DIRECTIONS FOR THIS TASK:
For the material that follows, return exactly the lines from the one with "Mathias Nurseries Acer" through the one with "La Cátedra asiste", both ends included.

DATASET ENTRIES:
- Opening Delimiter -

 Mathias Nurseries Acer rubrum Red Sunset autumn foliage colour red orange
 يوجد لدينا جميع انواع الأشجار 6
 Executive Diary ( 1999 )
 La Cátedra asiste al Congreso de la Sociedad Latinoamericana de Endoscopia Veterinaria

- Closing Delimiter -
- Opening Delimiter -

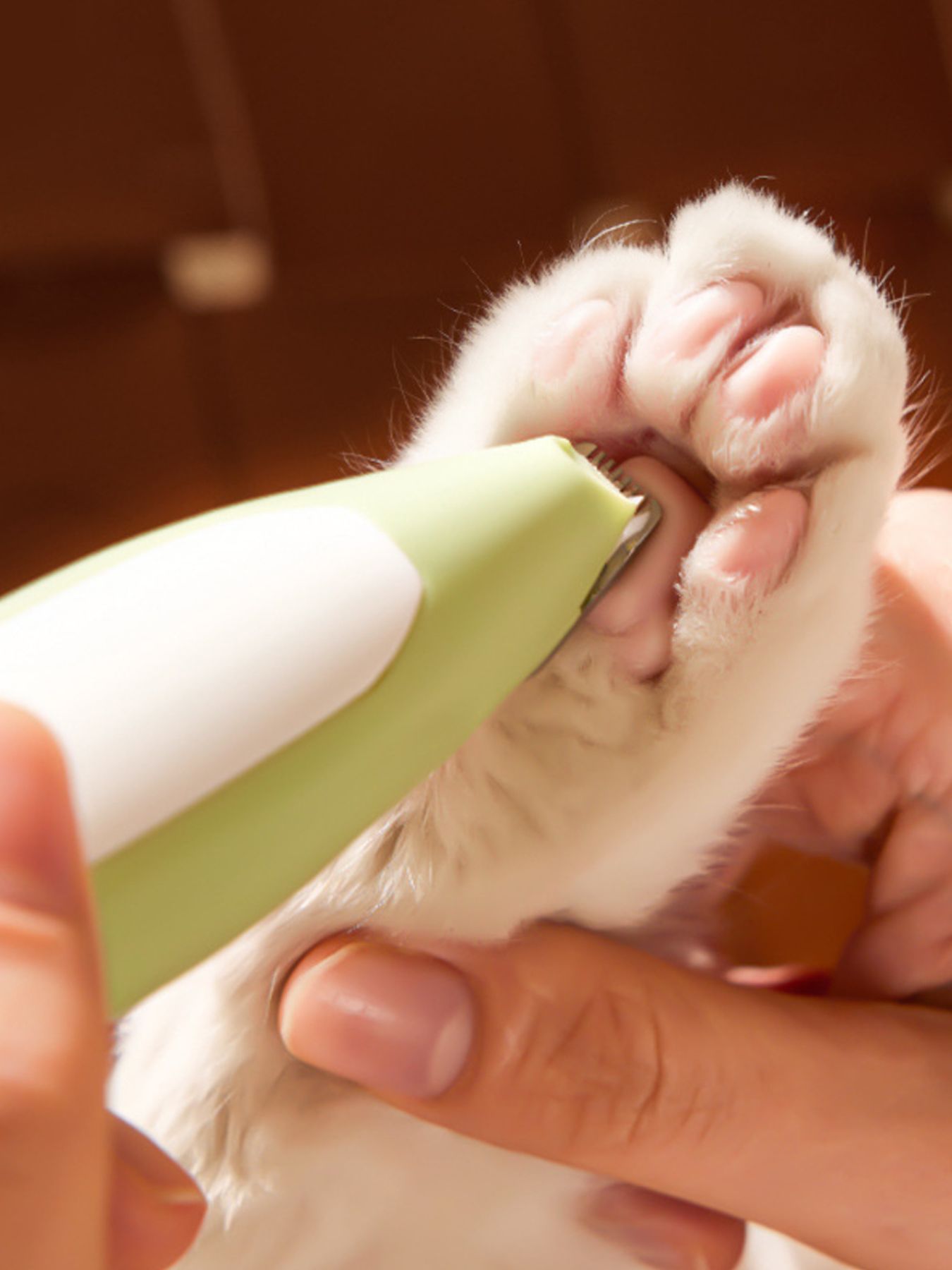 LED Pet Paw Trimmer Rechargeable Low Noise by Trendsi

- Closing Delimiter -

RESULT:
 Mathias Nurseries Acer rubrum Red Sunset autumn foliage colour red orange
 يوجد لدينا جميع انواع الأشجار 6
 Executive Diary ( 1999 )
 La Cátedra asiste al Congreso de la Sociedad Latinoamericana de Endoscopia Veterinaria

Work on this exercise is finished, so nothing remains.